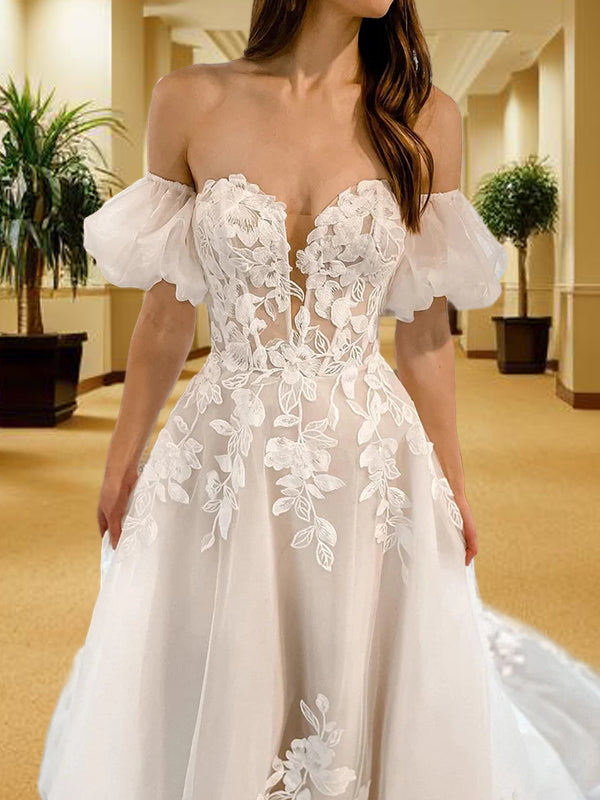 A-line Off-the-Shoulder Short Sleeves Appliques Lace Chapel Train Tulle Wedding Dress
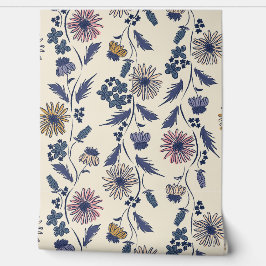 Wilde Bloem Strepen - Lavendel En Denimblauw Behang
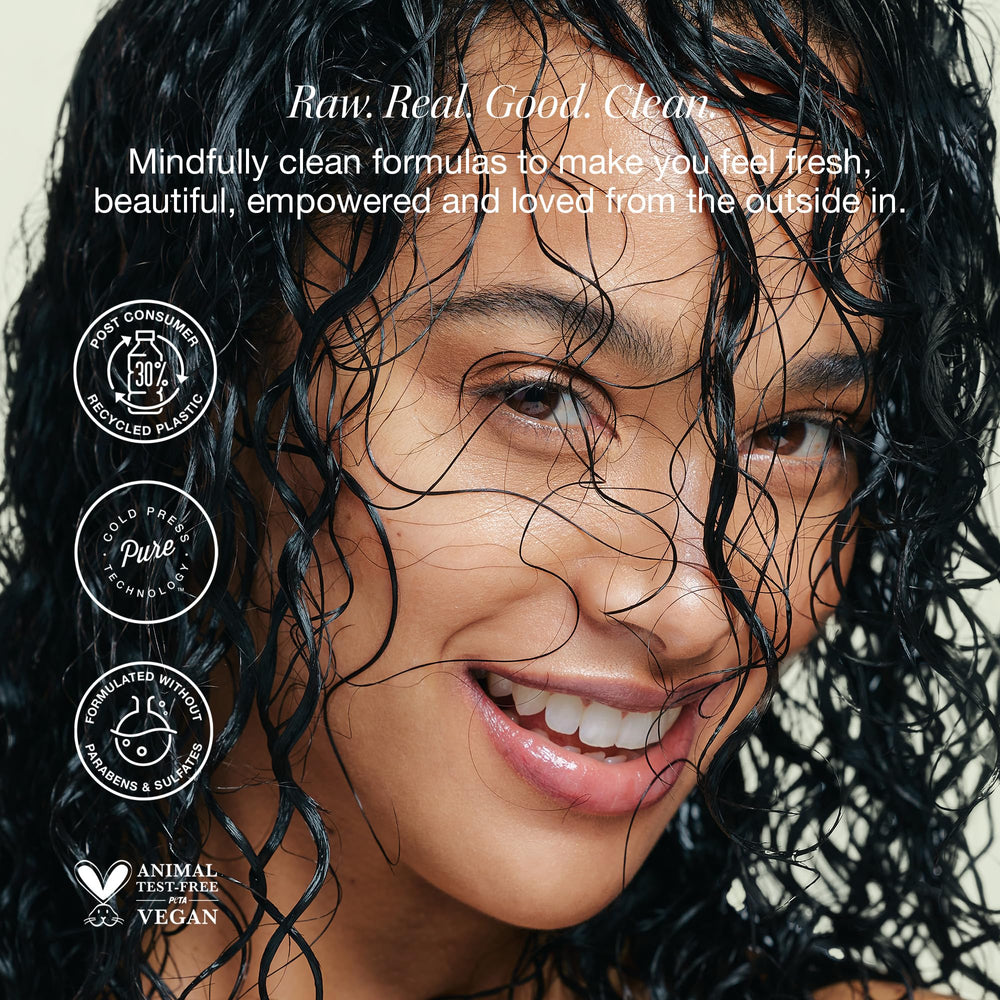 RAW SUGAR coconut oil drop emphasizes softness and manageability.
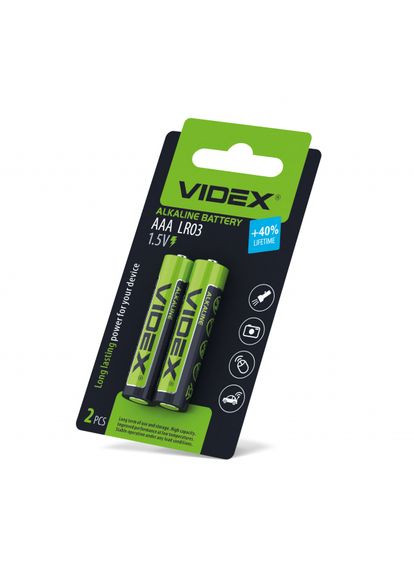 Батарейка щелочная /AAA 2шт SMALL BLISTER (/AAA 2pcs SB) Videx LR03 (315831751)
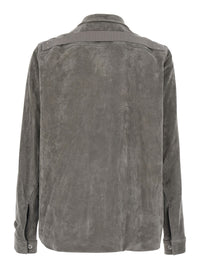Rick Owens Men 'Brad' Grey Jacket With Classic Collar And Back Strap In Suede Men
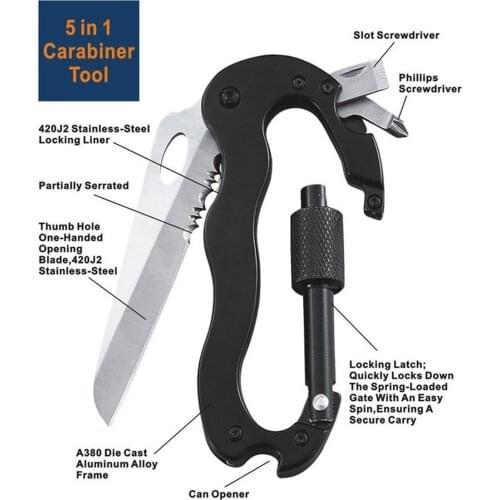 5 In 1 Outdoor Survival Multifunctional Tool Carabiner with Foldable Knife Screwdriver Bottle Opener Aluminum Alloy Carabiner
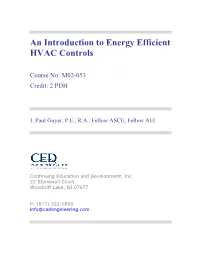 An Introduction to Energy Efficient HVAC Controls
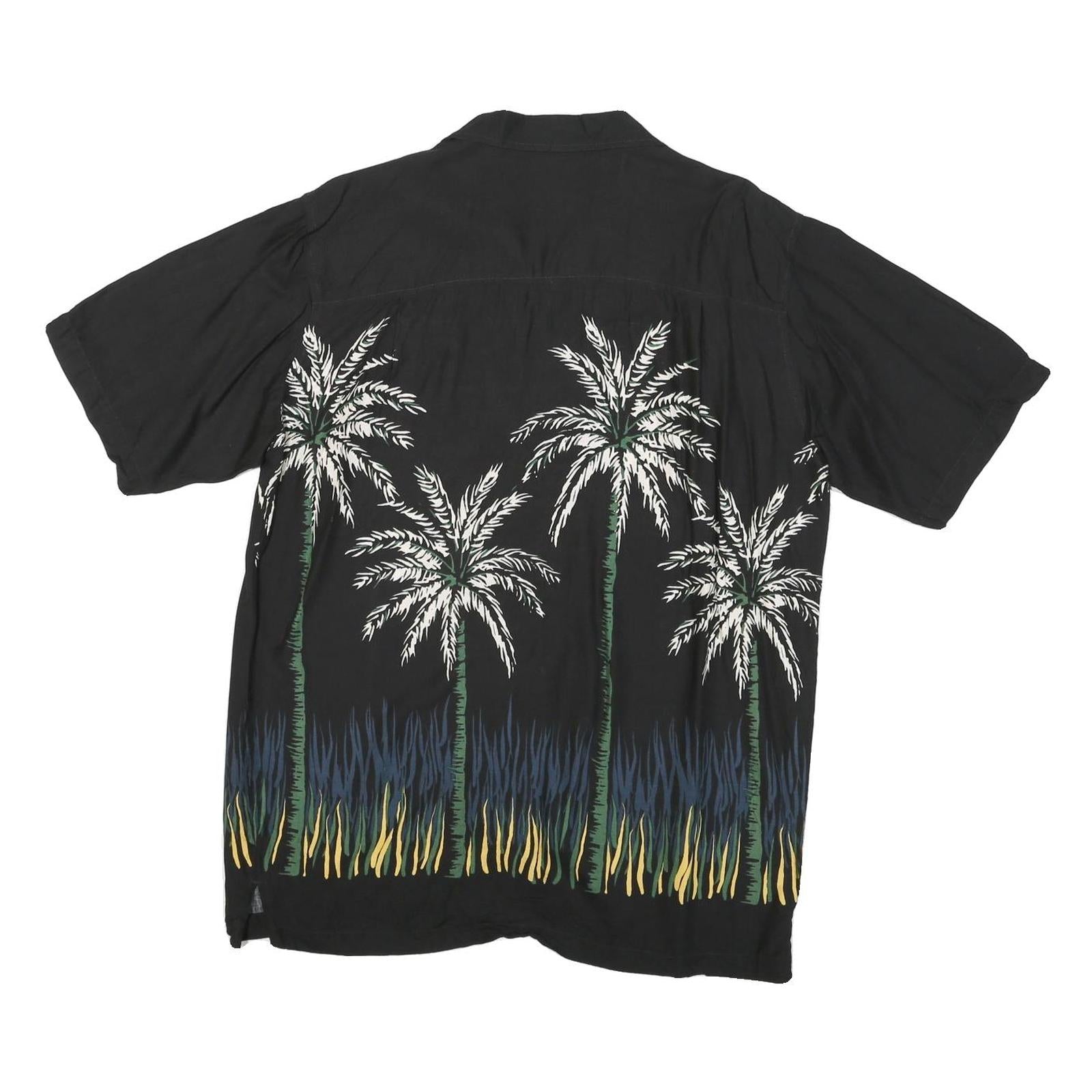WAKIKI Mens Black Palm Tree Pattern Rayon Shirt M Summer Casual Beachwear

________

• **Work request**: Restate word for word each line from the one containing "An Introduction to" through the end of the material, pictures excluded.

• **Completed task**:
 An Introduction to Energy Efficient HVAC Controls
WAKIKI Mens Black Palm Tree Pattern Rayon Shirt M Summer Casual Beachwear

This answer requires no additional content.